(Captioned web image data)
:::
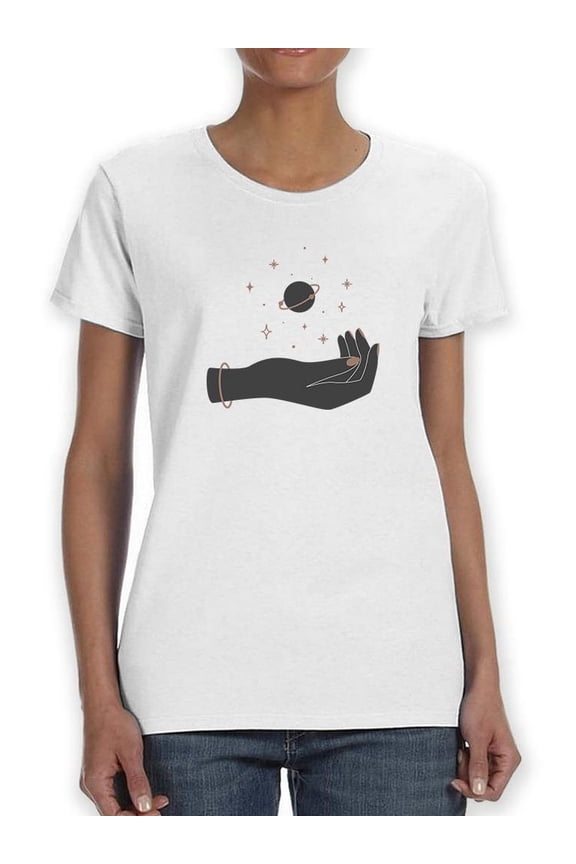 Levitating Planet On Hand Shaped T-Shirt Women -Image by Shutterstock, Female Small
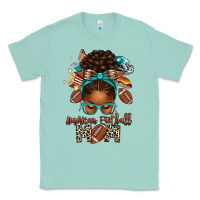 Seafoam American Football Mom Afro Messy Bun Classic Tee - texasbilliewilder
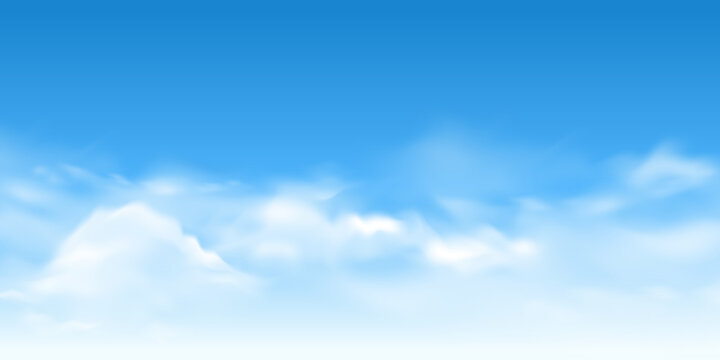 realistic white cloud background design, empty blue sky illustration template vector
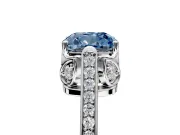 Cathedral Engagement Ring Setting for Fancy Blue Cushion Cut Center with Antique-Style Pave Band and Prong Head in Platinum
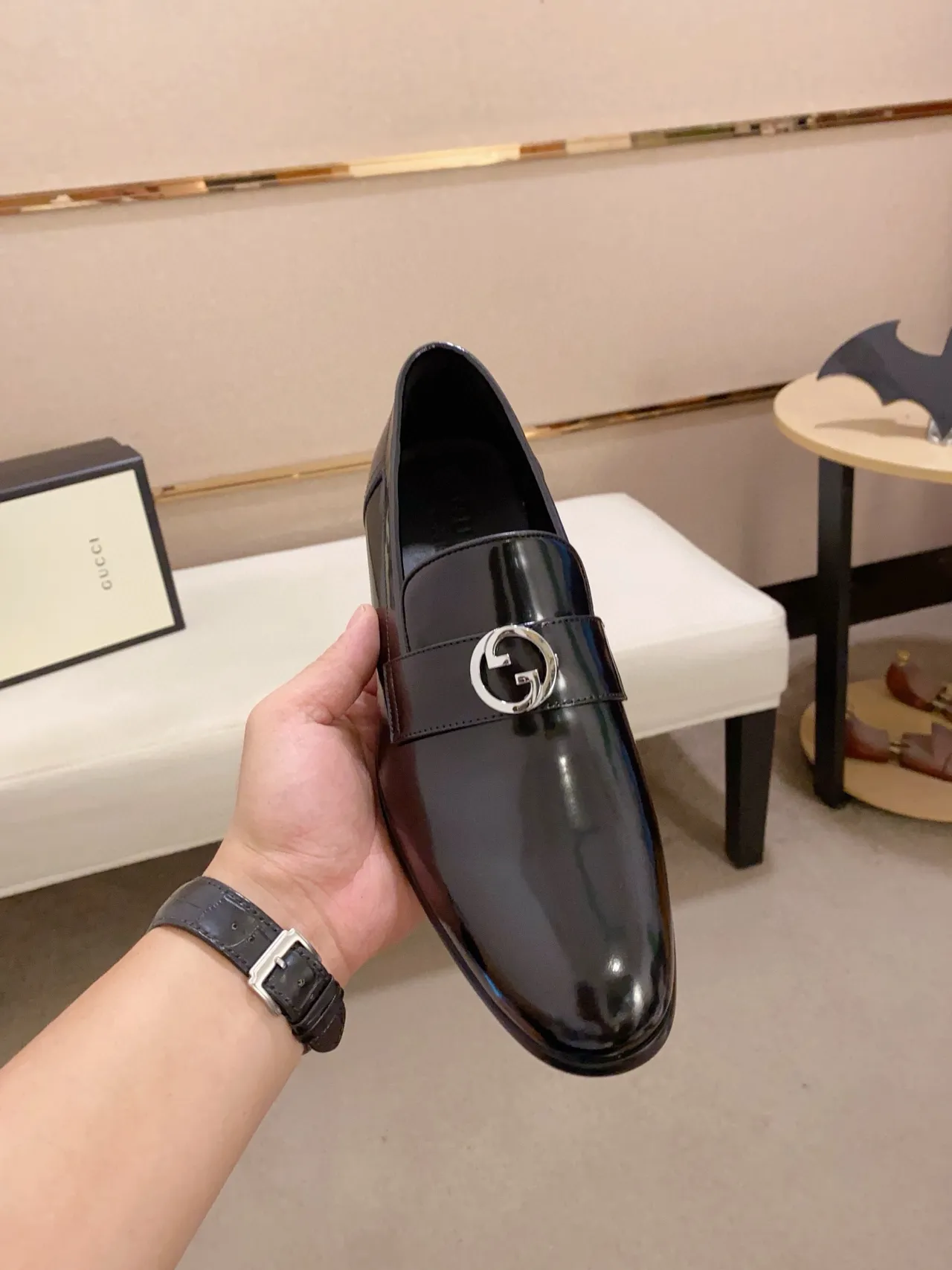 Black Patent Leather Horsebit Ornament Loafer 6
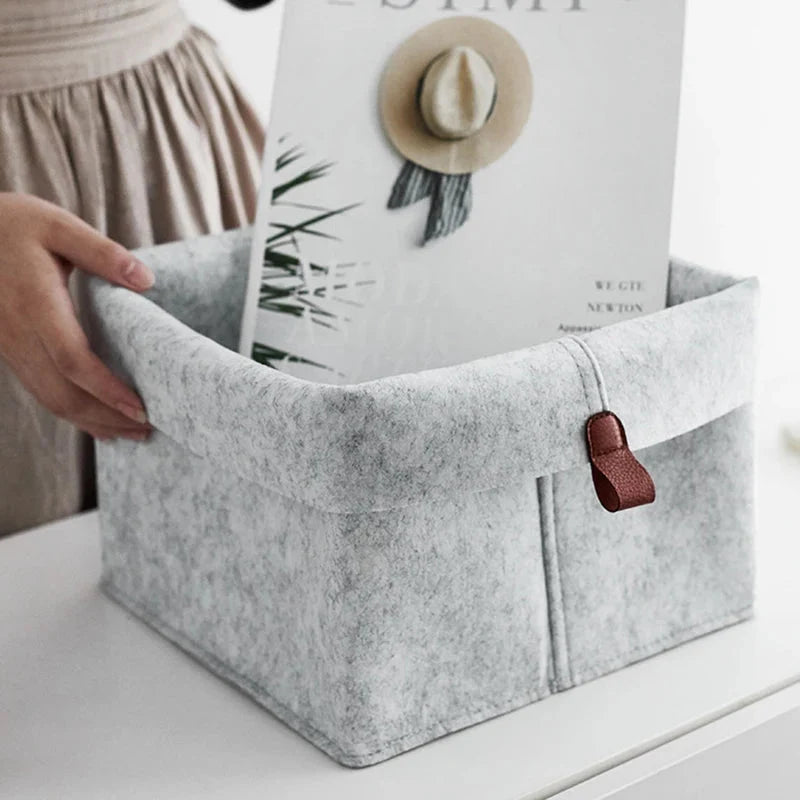 Felt Storage Box Shape-Stable Foldable Lid & Leather Handle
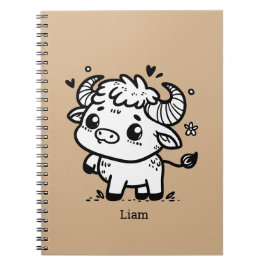 Caderno Espiral Fluffy Buffalo Baby - Kawaii Fazenda Animal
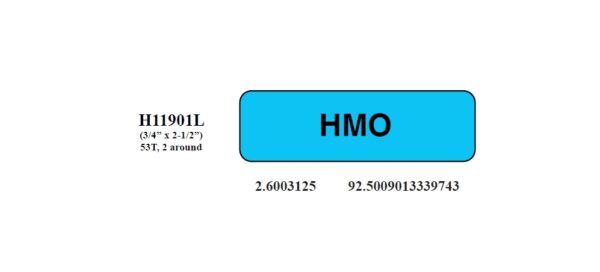 "HMO" Imprinted Label - Blue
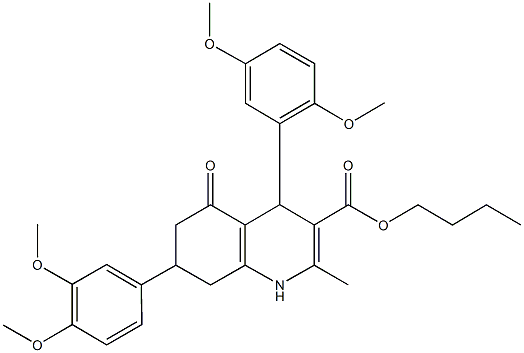 butyl 4-(2,5-dimethoxyphenyl)-7-(3,4-dimethoxyphenyl)-2-methyl-5-oxo-1,4,5,6,7,8-hexahydro-3-quinolinecarboxylate Struktur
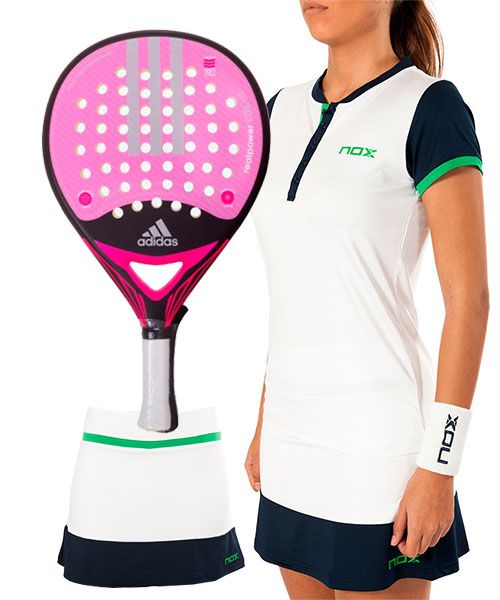 Pack Adidas real power CTRL 1.8 mujer, polo nox y falda nox pro - Para las jugadoras que exigen un extra en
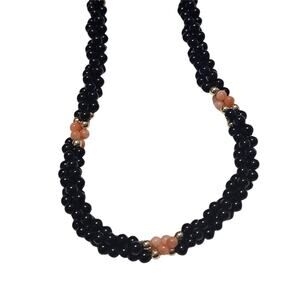 Black Onyx and Pink Coral Gemstone Mino Round Bead Twisted Necklace Vintage
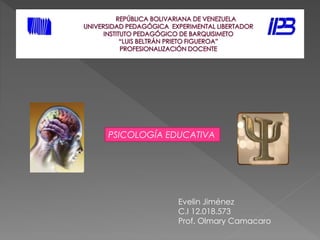 PSICOLOGÍA EDUCATIVA 
Evelin Jiménez 
C.I 12.018.573 
Prof. Olmary Camacaro 
 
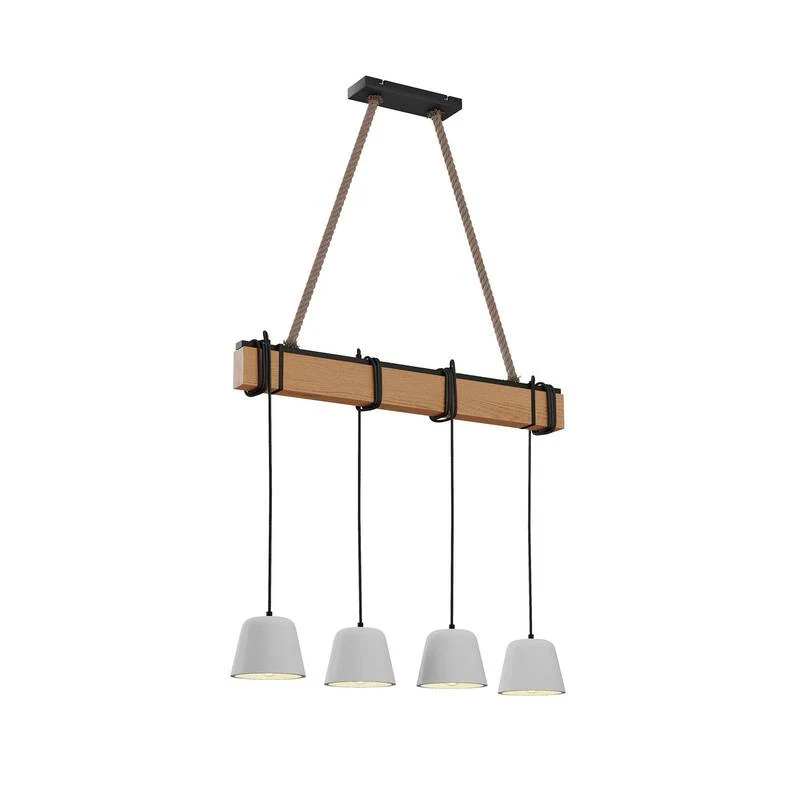 B-Ware Lucande Hängeleuchte Pendelleuchte Holzlampe E14 schwarz eiche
:::
_EXERCISE AIM:_
All of the entries above should be retyped exactly, with the pictures left out.

_ANSWER TO THIS EXERCISE:_
 Levitating Planet On Hand Shaped T-Shirt Women -Image by Shutterstock, Female Small
 Seafoam American Football Mom Afro Messy Bun Classic Tee - texasbilliewilder
 realistic white cloud background design, empty blue sky illustration template vector
 Cathedral Engagement Ring Setting for Fancy Blue Cushion Cut Center with Antique-Style Pave Band and Prong Head in Platinum
 Black Patent Leather Horsebit Ornament Loafer 6
 Felt Storage Box Shape-Stable Foldable Lid & Leather Handle
 Caderno Espiral Fluffy Buffalo Baby - Kawaii Fazenda Animal
 "HMO" Imprinted Label - Blue
 butyl 4-(2,5-dimethoxyphenyl)-7-(3,4-dimethoxyphenyl)-2-methyl-5-oxo-1,4,5,6,7,8-hexahydro-3-quinolinecarboxylate Struktur
 Pack Adidas real power CTRL 1.8 mujer, polo nox y falda nox pro - Para las jugadoras que exigen un extra en
 Black Onyx and Pink Coral Gemstone Mino Round Bead Twisted Necklace Vintage
 PSICOLOGÍA EDUCATIVA 
Evelin Jiménez 
C.I 12.018.573 
Prof. Olmary Camacaro 
 
 B-Ware Lucande Hängeleuchte Pendelleuchte Holzlampe E14 schwarz eiche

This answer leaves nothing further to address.